# AH supply Help, Wireing



## Mike_E_P (Jan 15, 2008)

can anyone hook me up with AH Supply's instructions? Mine didnt come with any and its
a little tricky to wire up. I have tripped the breaker like 5 times.


----------



## riverrat (Sep 6, 2005)

Here is a thread on a different forum. I did not read it entirely so use caution.
http://www.reefland.com/forum/lighting/3472-how-do-you-wire-ahsupply-lights.html

I am sure if you email ahsupply they will be more than helpful.


----------



## Tube (Apr 1, 2006)

Mike_E_P said:


> ... I have tripped the breaker like 5 times.

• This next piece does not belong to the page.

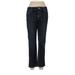 Simply Vera Vera Wang Jeans - Mid/Reg Rise Straight Leg Boyfriend: Blue Bottoms - Women's Size 6 - Dark Wash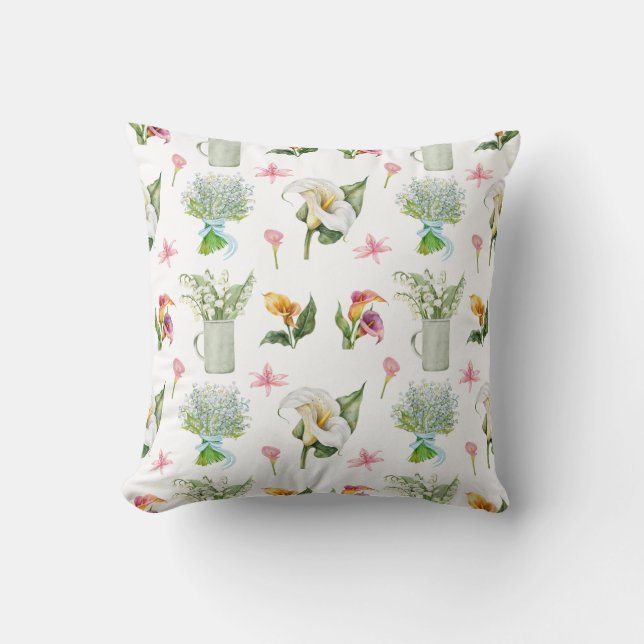 Watercolor Lily Print Pattern Cushion (Front)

Id haven given up four times ago and admitted defeat. Thats what separates you and me... mention which kit and im sure someone can help.


----------



## Left C (Jun 14, 2005)

Mike_E_P said:


> can anyone hook me up with AH Supply's instructions? Mine didnt come with any and its
> a little tricky to wire up. I have tripped the breaker like 5 times.


It might help if you mentioned the exact kit that you are using.

You might find a wiring diagram from Fulham's site:
http://www.fulham.com/Detail_BallastClass.php?ID=WH


----------



## hoppycalif (Apr 7, 2005)

http://www.geocities.com/CapeCanaveral/4742/55hood/55hood.html might help a little. Click on the photos and you can almost figure out the wiring.


----------